Both Whingers had planned ahead for this. Andrew had smuggled in a set of bellows with which to hasten the conflagration should it all drag on too much.
Phil – in case the Whingers made it through to the end – had packed an eight-foot fork and crumpets and marshmallows to toast by the glowing faggots of Joan’s bonfire. Obsessed with his thesis of on stage eating he thought he’d add a twist to his theme and toast some goodies from the stalls for what he presumed would be a flagging audience desperate for carbs and sugar.
How wrong could the Whingers be? It turned out to be rather wonderful. Indeed, they hadn’t been this wrong since they pre-judged Boeing Boeing.
It started worryingly with some live Enya-with-balls music, cow bells and a singer and then – as though the play weren’t long enough as written – there was a scene in which the ensemble very slowly dismantled a pile of chairs, handing each one very slowly down the line to place them very slowly at the edge of the set. Andrew made a mental note not to use the National Theatre should it ever go into the removals business. One’s bibelots would arrive intact but not for centuries.
Anyway, it proved a momentary blip. Rae Smith’s excellent set with dead trees and a raked charred wooden platform suggest Joanie’s fate from the outset.
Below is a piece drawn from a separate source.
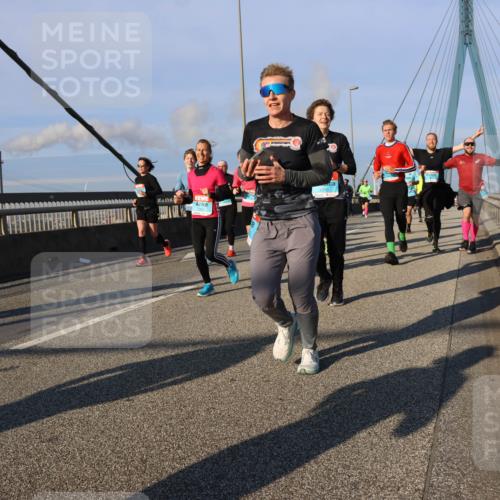 03.10.2025 - Köhlbrandbrückenlauf Strokosch-Dieckow http://msf.ph/oto/9112498 03.10.2025 09:45:55 Position 2 3010 meine-sportfotos.de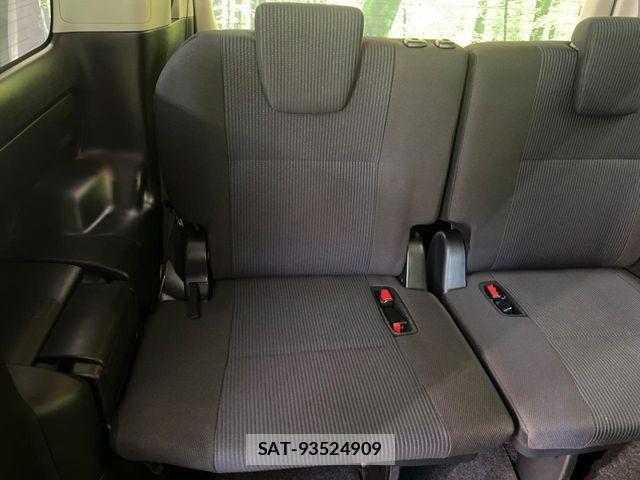Toyota VOXY HYBRID 2014-03 7458814-9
The revolve is used effectively and sparingly (including one rather brilliant scene in which the actors revolve very slowly for the entire scene).
Directrix Marianne Elliot has made some excellent staging choices. Rather than have the usual tedious on-stage battles that rarely work in theatre, a flag is wafted around Les Miserables style, followed by a Stomp-inspired percussion using chairs and corrugated iron. It’s the sort of thing that the Whingers usually find a bit embarrassing but on this occasion it was surprisingly agreeable.
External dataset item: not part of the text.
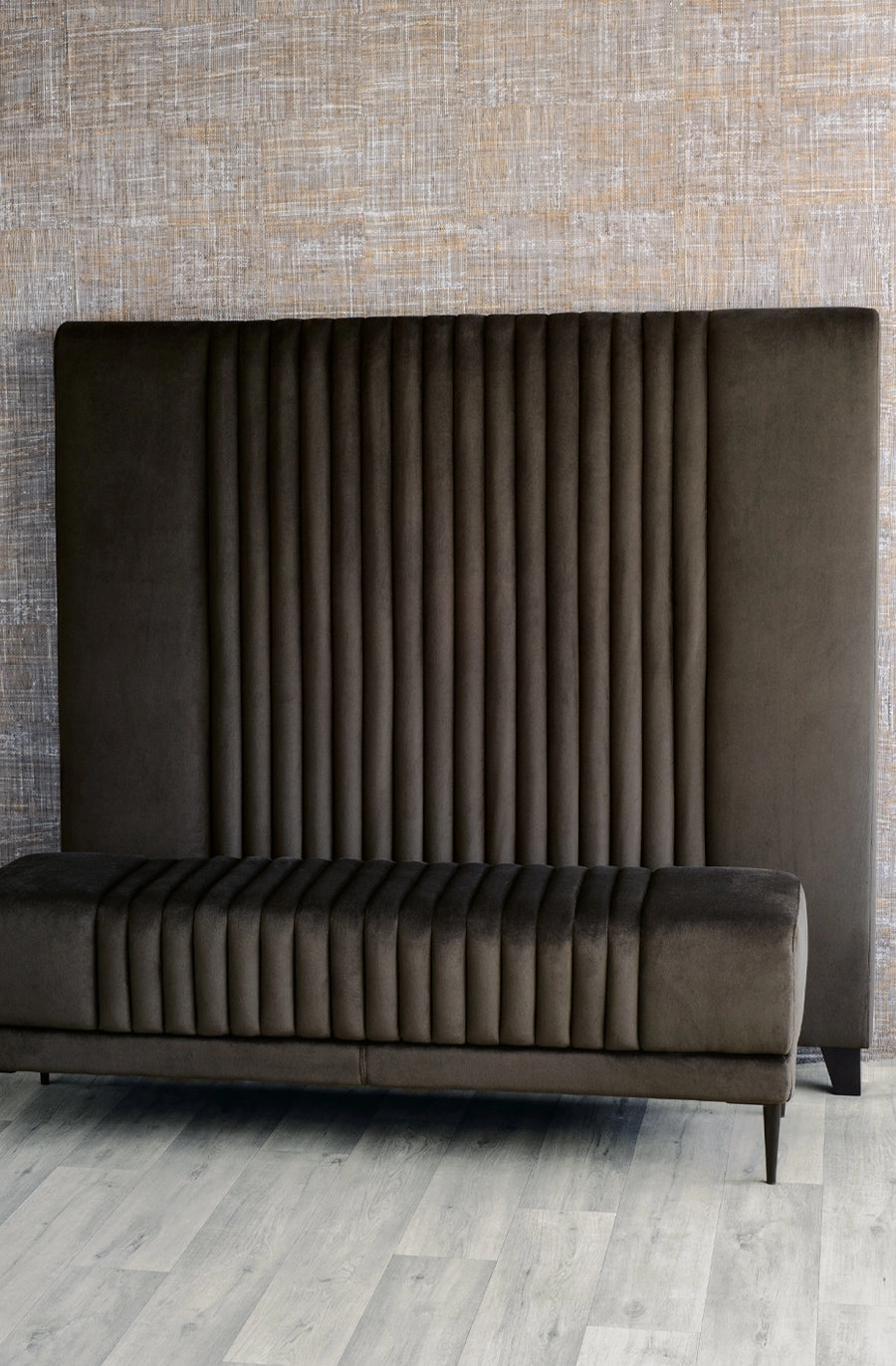 Home Bianca Lorenne vernara walnut headboard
She also takes the opportunity to tease out comedy where appropriate The scene set in the English Camp proved just that. Camp. And utterly delightful.
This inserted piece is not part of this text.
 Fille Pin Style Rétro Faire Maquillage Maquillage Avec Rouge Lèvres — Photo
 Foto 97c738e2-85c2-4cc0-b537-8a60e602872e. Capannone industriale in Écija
The fey Dauphin (Paul Ready) and the anxious brother (Jamie Ballard) also get to play up the light relief. Indeed, even the Shaw’s discussions prove absorbing and witty, yet it’s never at the expense of the drama.
Who knew Shaw could be so darn entertaining? Certainly not the Whingers (although Andrew has very fond memories of seeing Kate O’Mara in Heartbreak House at Malvern a billion years ago).
So, to Joanie. Although disappointed to discover that their suggestions for a last minute casting change had fallen on deaf ears, Anne-Marie Duff (from TV’s Shameless, apparently) quickly won them round.
She not only looks physically right as Joan but manages to be strident without irritating and is convincingly inspirational and her Irish accent somehow seems exactly right for the role.
She even makes the voices in her head seem believable (but then Andrew hears a voice going “blah blah blah” whenever he’s in Phil’s company so it’s not all that unusual).
Being mean-spirited and hard to please, it’s rare for the Whingers to praise in poster-worthy terms, but we have to say it: it’s a star making performance. Duff’s anguish in the trial scene was heart-wrenching for Phil and both Whingers were literally on the edges of their seats (although this was partly because they were seated behind the tallest man in the world).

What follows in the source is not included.